“If you beat me at Scrabble, I will marry you.”

This I said to Karen early in our relationship.

Nine years later, she still hadn’t beaten me at Scrabble, and I still hadn’t married her.

If it sounds like I was a jerk to her, you’re right. I knew she could never beat me at Scrabble. The only person who can beat me at Scrabble is Colin O’Brien, the son that Karen and I had together, the first living product of our love, followed by Kerry O’Brien, who has red hair like her mother and who is therefore a handful. Oh, and we bucked the trend, the trend that was beginning even twenty years ago today, the day Karen and I got married.

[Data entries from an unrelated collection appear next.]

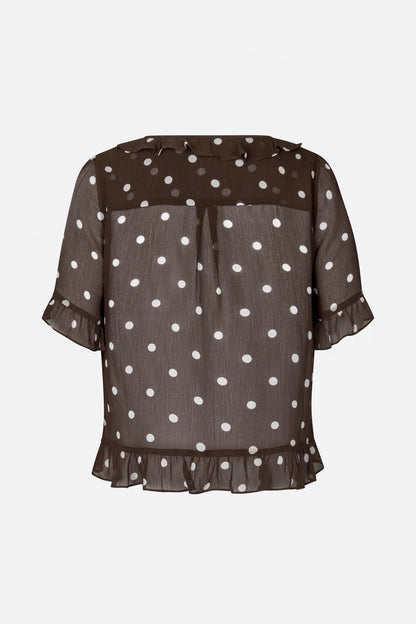 MADICEN BLOUSE - Coffee Bean Dot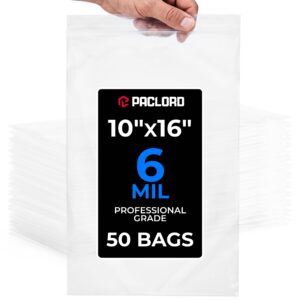 10" x 16" Medium Zip Seal Lock Bags, 6 Mil Pack of 50 (RPB-1016-6-50, B0FX3BPZLW)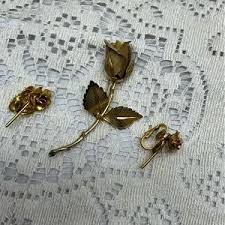 Vintage | Jewelry | Vintage Giovanni 95s Rose Brooch Pin And Earrings 1950s | Poshmark
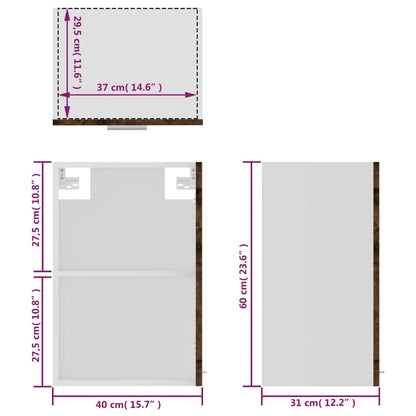 Hängeschrank Lyon Glas Räuchereiche 40x31x60 cm Holzwerkstoff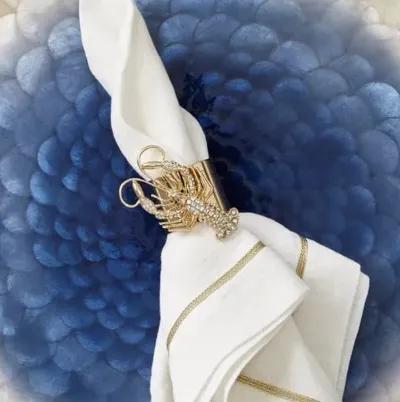 Set of 2 Sparkle Lobster Napkin Rings - Gold - Joanna Buchanan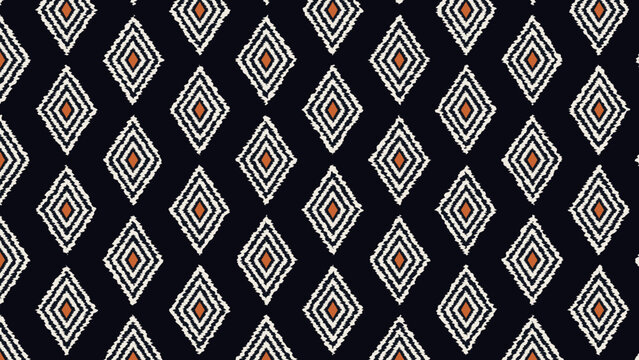 Traditional Geometric Ikat Textile Resist-Dye Pattern
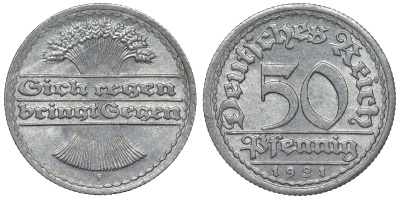 Германия 50 пфеннигов 1921 F KM 27, J. 301, Weege 10 алюминий 4119-521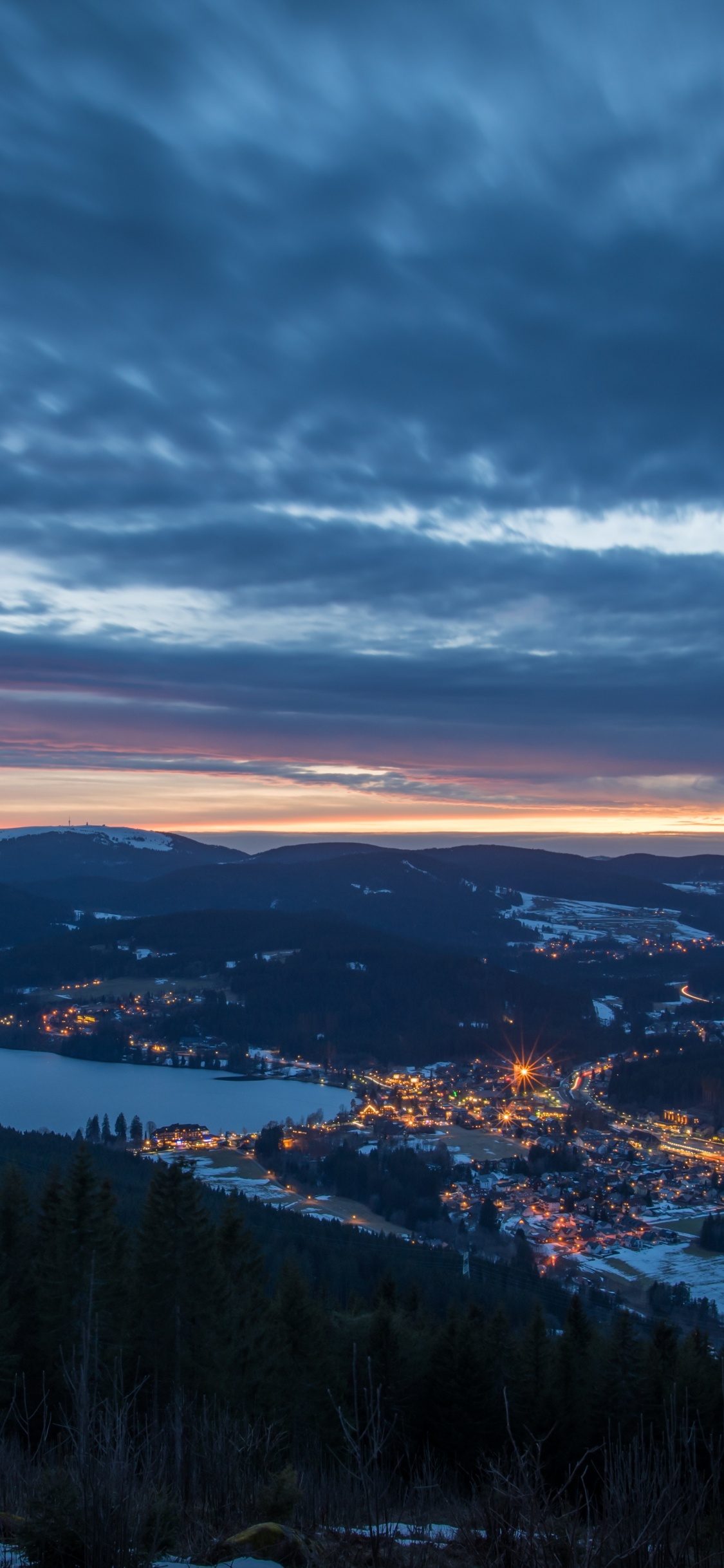 Nature, Blue, Hiver, Soir, Paysage Naturel. Wallpaper in 1125x2436 Resolution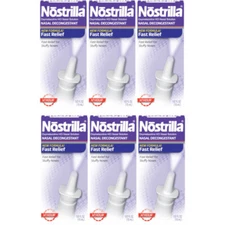 6 Pack Nostrilla Nasal Decongestant 12 Hour Fast Relief 15 ml for Stuffy Noses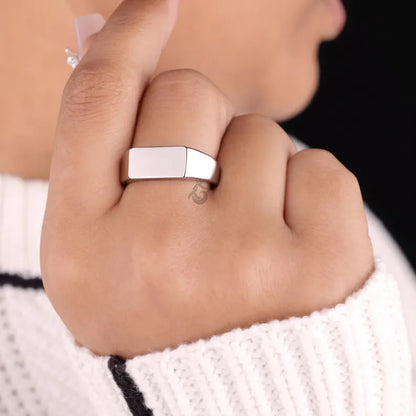 14K White Gold Rectangular Signet Ring, Personalized Men's Signet, Modern Wedding Band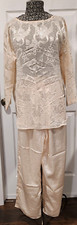 Vtg Victoria's Secret Gold Label Ivory Floral LS Pajama Set Small NWOT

We decided to get married before having children.

Yes, we got married, and today’s our twentieth anniversary—although we had been dating for nine years prior. I was not, you see, into commitment. And I could really play Scrabble.

So the reason I’m writing this is both to mark the occasion and also to reflect a bit on the great mystery of our lives, which is who we love and who loves us back.

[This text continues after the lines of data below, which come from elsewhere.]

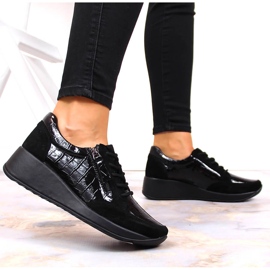 Zapatos mujer de piel con cuña T.Sokolski negro 5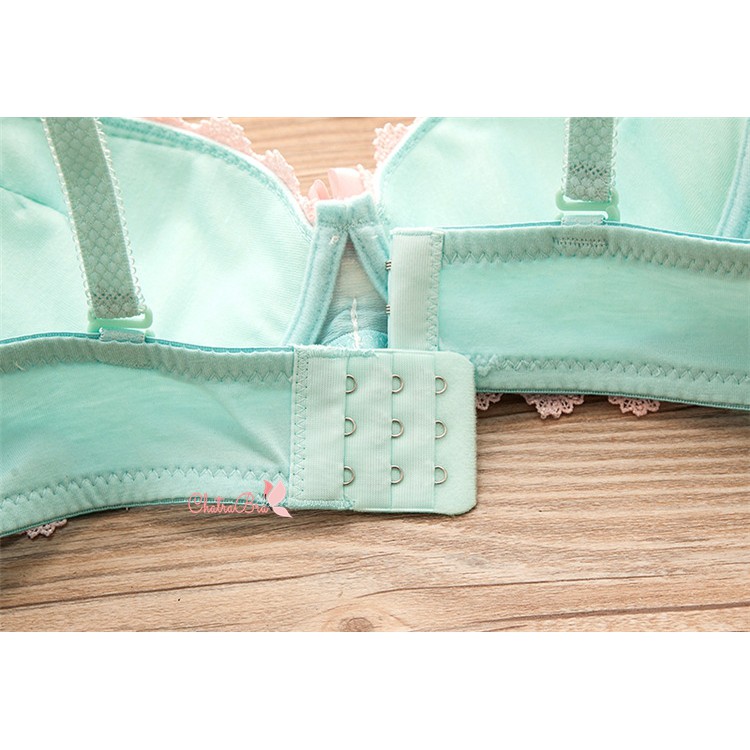 Set bộ đồ lót nữ đẹp cotton có gọng mút vừa viền ren thêu | BigBuy360 - bigbuy360.vn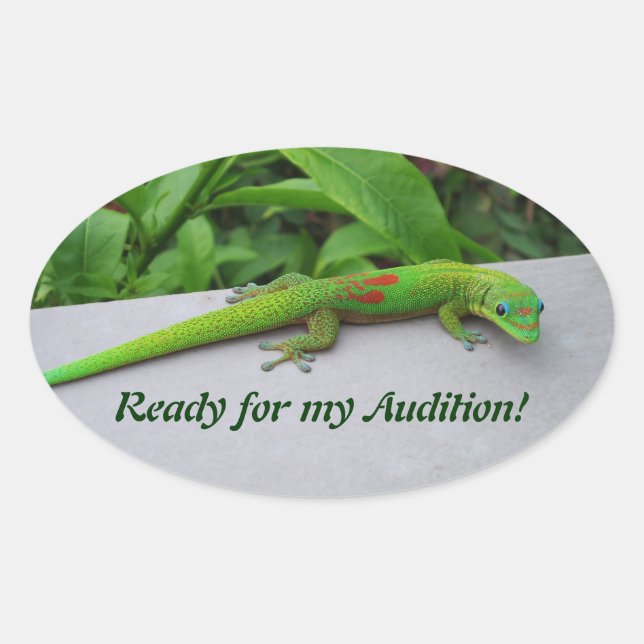 Sticker Ovale Gecko Gold Dust Day - Audition et obtenir quelques (Devant)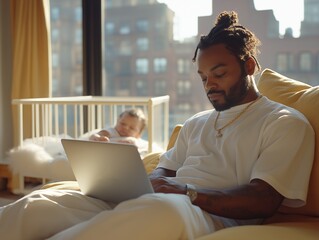 Father working from home with baby nearby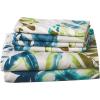 imageTribeca Living 120MFSHEETTWXCP UltraSoft Solid Deep Pocket 4Piece Sheet Set Twin XL Chili Pepper RedTrop Rainforest Multi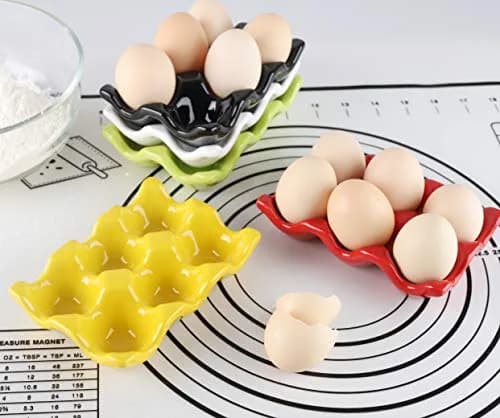forkmannie Ceramic Egg Holder 6 Cups | Modern Kitchen Storage & Egg Organizer thumbnail 6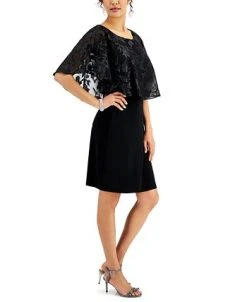 Connected Metallic Chiffon-Cape Dress -VINCE CAMUTO Shop 18837031 fpx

And if you think about it, this really is a mystery—especially in the case of Kevin and Karen O’Brien. To begin with, Karen and I are opposites. I am poetic, she is down to earth. I am an actor, she is sane. I am an intellectual, she likes Hallmark movies.

Had we joined a dating service, we would never have been matched, for we are not compatible. But then again, men and women really aren’t compatible. And as G.K. Chesterton said, “I have known many happy marriages, but never a compatible one.”

And yet somehow it works. Despite all of my flaws, and all of hers, despite nine years of premarital game playing, despite hurdles too vast to imagine, it works. She knows me better than anyone else, and she still loves me. I know her better than anyone else, and I still love her. We would die for one another. We are really only comfortable around one another (except when we’re driving each other crazy). We both converted together and came into the Church together eleven years ago, and that has strengthened our marriage, but there was a foundation present before that, one of utter acceptance and mutual sacrifice.

Isn’t that odd?

St. Paul wrote to the Corinthians, “Now this I say, he who sows sparingly will also reap sparingly, and he who sows bountifully will also reap bountifully . . . Now He who supplies seed to the sower and bread for food will supply and multiply your seed for sowing and increase the harvest of your righteousness.”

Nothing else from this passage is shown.